Exercise.
Go through the listing below and retype exactly the lines starting at the one with "Detailed automobile engine" and ending at the one with "Latte braided hair", skipping pictures.

Task material.
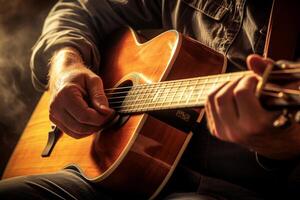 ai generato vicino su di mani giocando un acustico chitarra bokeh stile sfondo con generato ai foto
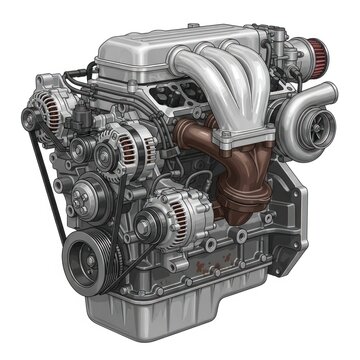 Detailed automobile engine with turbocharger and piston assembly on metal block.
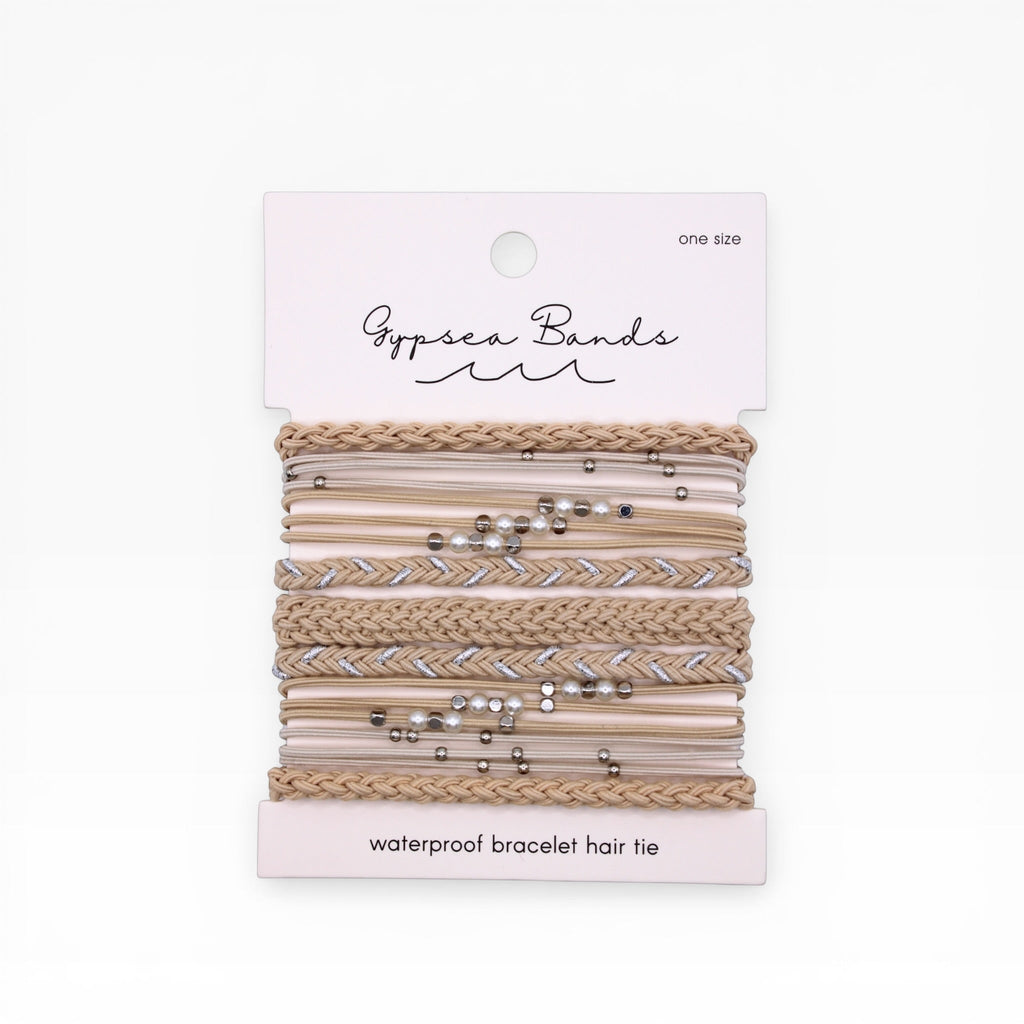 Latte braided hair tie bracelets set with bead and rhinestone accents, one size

==

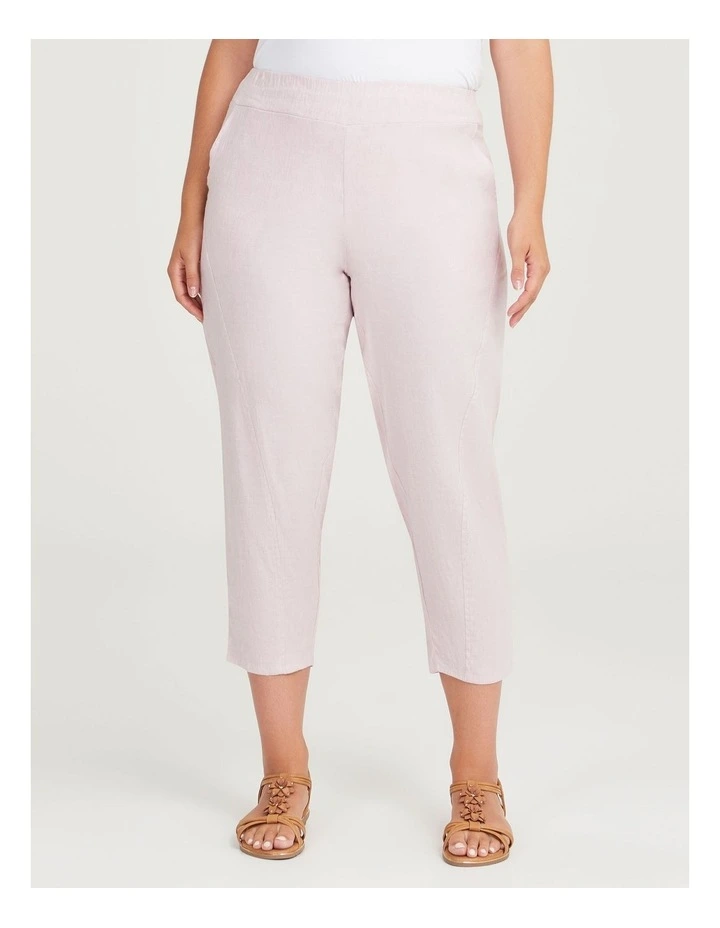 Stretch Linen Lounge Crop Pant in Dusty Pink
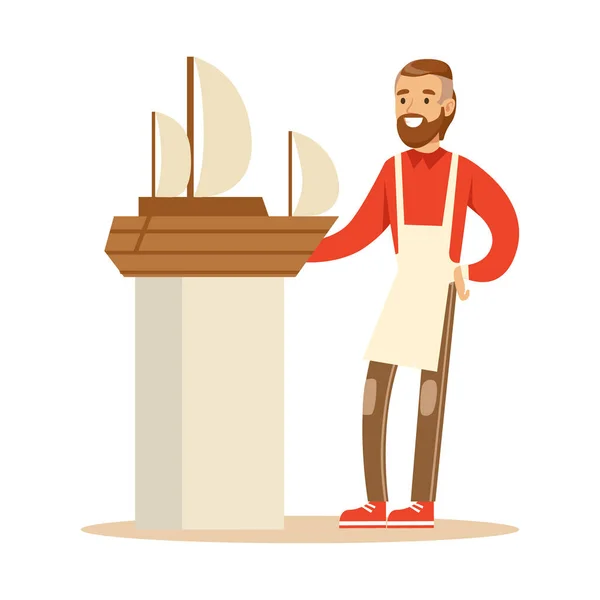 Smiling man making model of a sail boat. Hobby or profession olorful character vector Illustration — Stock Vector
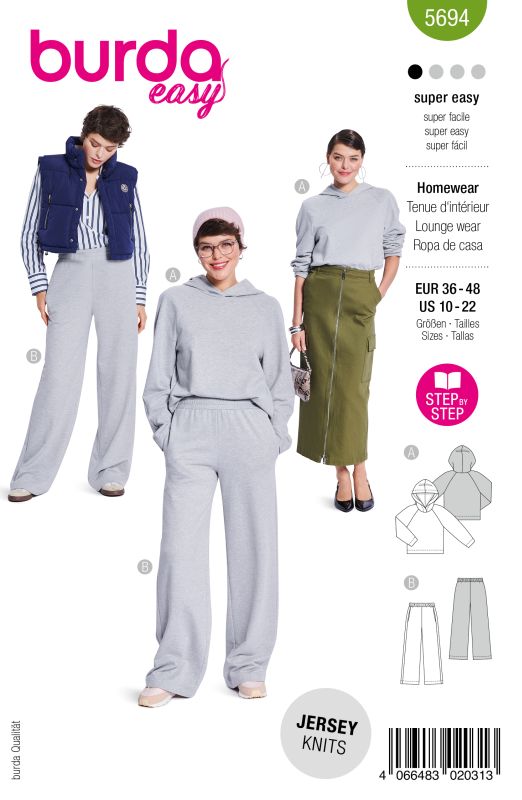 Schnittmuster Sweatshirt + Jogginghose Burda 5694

Reply.
 Detailed automobile engine with turbocharger and piston assembly on metal block.
 Latte braided hair tie bracelets set with bead and rhinestone accents, one size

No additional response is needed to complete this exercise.